'Yet you are so banal as to consider me chiefly a freak,' said Birkin
pointedly.
'A freak!' exclaimed Gerald, startled. And his face opened suddenly, as
if lighted with simplicity, as when a flower opens out of the cunning
bud. 'No--I never consider you a freak.' And he watched the other man
with strange eyes, that Birkin could not understand. 'I feel,' Gerald
continued, 'that there is always an element of uncertainty about
you--perhaps you are uncertain about yourself. But I'm never sure of
you. You can go away and change as easily as if you had no soul.' He looked at Birkin with penetrating eyes. Birkin was amazed. He
thought he had all the soul in the world. He stared in amazement. And
Gerald, watching, saw the amazing attractive goodliness of his eyes, a
young, spontaneous goodness that attracted the other man infinitely,
yet filled him with bitter chagrin, because he mistrusted it so much.

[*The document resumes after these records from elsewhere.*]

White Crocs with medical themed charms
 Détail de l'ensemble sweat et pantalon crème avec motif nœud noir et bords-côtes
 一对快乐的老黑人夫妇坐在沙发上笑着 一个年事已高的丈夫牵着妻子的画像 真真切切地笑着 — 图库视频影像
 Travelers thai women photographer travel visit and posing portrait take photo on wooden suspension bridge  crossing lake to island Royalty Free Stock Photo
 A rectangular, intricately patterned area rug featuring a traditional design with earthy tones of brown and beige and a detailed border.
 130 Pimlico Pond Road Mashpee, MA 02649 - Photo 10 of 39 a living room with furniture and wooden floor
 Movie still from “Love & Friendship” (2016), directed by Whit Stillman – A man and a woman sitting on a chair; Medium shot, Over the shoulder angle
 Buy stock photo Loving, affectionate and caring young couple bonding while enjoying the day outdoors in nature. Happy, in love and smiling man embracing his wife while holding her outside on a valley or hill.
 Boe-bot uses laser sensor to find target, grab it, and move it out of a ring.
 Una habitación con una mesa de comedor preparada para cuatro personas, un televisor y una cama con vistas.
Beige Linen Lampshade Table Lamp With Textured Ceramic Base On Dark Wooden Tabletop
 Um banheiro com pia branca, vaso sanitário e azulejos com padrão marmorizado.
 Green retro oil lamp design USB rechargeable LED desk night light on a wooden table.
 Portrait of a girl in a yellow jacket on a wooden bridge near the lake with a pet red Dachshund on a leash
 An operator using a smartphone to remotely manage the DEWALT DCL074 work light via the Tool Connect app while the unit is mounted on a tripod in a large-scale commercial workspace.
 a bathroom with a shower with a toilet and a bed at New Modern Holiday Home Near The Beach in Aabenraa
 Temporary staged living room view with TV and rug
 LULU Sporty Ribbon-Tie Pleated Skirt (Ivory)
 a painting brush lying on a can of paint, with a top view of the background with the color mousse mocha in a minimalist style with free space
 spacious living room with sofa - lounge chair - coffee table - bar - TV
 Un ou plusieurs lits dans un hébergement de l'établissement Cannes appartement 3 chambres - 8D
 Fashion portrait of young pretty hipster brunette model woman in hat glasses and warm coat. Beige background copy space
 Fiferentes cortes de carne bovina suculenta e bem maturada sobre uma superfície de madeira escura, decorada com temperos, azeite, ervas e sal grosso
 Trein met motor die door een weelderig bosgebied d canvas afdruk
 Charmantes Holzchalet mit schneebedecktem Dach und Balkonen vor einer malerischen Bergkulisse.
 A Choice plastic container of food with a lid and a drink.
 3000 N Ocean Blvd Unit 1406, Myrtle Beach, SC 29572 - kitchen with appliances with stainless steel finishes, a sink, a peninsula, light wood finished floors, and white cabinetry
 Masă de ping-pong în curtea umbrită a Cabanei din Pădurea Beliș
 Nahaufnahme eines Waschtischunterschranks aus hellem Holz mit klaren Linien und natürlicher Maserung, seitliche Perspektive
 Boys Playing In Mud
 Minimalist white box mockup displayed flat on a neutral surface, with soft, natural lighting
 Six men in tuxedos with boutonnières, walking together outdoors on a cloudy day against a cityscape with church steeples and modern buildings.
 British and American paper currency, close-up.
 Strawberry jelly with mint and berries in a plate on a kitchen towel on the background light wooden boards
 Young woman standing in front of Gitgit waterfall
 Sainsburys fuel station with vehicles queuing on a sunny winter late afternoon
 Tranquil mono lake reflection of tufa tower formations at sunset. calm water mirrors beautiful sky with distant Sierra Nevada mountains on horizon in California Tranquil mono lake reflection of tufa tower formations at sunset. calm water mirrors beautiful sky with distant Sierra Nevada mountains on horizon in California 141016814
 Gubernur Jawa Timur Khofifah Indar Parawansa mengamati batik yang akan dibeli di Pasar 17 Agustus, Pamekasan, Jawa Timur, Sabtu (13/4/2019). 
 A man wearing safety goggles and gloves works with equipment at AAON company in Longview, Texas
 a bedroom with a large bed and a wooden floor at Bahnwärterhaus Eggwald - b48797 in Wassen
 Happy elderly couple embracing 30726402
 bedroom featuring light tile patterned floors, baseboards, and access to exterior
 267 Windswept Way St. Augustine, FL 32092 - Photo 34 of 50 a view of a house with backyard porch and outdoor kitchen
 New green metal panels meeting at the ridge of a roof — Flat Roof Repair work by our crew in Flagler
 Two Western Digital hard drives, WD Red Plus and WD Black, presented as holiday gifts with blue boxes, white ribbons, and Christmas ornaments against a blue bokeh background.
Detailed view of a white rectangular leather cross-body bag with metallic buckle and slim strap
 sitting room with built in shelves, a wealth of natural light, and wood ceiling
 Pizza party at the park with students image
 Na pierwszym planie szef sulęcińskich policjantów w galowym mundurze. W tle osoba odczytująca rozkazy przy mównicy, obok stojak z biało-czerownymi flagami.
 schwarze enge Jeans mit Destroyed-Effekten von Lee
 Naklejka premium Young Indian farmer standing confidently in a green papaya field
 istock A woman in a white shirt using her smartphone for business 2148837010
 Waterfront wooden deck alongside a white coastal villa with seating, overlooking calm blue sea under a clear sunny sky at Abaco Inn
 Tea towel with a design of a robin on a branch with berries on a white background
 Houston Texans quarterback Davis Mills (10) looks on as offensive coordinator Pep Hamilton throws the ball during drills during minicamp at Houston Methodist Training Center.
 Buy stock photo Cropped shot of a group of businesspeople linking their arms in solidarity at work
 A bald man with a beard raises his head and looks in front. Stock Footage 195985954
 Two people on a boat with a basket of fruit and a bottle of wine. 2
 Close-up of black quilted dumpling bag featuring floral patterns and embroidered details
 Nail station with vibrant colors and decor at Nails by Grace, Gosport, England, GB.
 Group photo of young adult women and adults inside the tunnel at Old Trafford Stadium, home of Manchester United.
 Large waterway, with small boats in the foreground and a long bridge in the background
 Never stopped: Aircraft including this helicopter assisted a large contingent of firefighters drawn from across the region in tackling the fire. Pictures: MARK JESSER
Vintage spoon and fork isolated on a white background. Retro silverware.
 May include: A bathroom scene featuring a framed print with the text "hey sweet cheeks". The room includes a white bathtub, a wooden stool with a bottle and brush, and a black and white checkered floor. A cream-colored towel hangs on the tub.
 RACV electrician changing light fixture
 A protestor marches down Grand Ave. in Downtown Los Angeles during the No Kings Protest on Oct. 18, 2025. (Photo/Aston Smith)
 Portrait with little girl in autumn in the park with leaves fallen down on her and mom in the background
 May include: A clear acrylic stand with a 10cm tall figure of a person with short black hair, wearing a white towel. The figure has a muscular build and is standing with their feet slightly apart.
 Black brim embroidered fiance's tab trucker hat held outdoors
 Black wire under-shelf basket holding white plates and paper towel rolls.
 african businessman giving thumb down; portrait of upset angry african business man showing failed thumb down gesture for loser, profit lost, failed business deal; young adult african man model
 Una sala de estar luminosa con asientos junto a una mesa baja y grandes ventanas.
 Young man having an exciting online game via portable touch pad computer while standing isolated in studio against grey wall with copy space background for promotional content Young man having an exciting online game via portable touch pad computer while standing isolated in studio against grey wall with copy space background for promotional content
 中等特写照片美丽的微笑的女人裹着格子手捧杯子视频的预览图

He knew Birkin could do without him--could forget, and not suffer. This
was always present in Gerald's consciousness, filling him with bitter
unbelief: this consciousness of the young, animal-like spontaneity of
detachment. It seemed almost like hypocrisy and lying, sometimes, oh,
often, on Birkin's part, to talk so deeply and importantly.
Quite other things were going through Birkin's mind. Suddenly he saw
himself confronted with another problem--the problem of love and
eternal conjunction between two men. Of course this was necessary--it
had been a necessity inside himself all his life--to love a man purely
and fully. Of course he had been loving Gerald all along, and all along
denying it.
He lay in the bed and wondered, whilst his friend sat beside him, lost
in brooding. Each man was gone in his own thoughts.
'You know how the old German knights used to swear a BLUTBRUDERSCHAFT,'
he said to Gerald, with quite a new happy activity in his eyes.
'Make a little wound in their arms, and rub each other's blood into the
cut?' said Gerald.
'Yes--and swear to be true to each other, of one blood, all their
lives. That is what we ought to do. No wounds, that is obsolete. But we
ought to swear to love each other, you and I, implicitly, and
perfectly, finally, without any possibility of going back on it.' He looked at Gerald with clear, happy eyes of discovery. Gerald looked
down at him, attracted, so deeply bondaged in fascinated attraction,
that he was mistrustful, resenting the bondage, hating the attraction.
'We will swear to each other, one day, shall we?' pleaded Birkin. 'We
will swear to stand by each other--be true to each other--ultimately--
infallibly--given to each other, organically--without possibility of
taking back.' Birkin sought hard to express himself. But Gerald hardly listened. His
face shone with a certain luminous pleasure. He was pleased. But he
kept his reserve. He held himself back.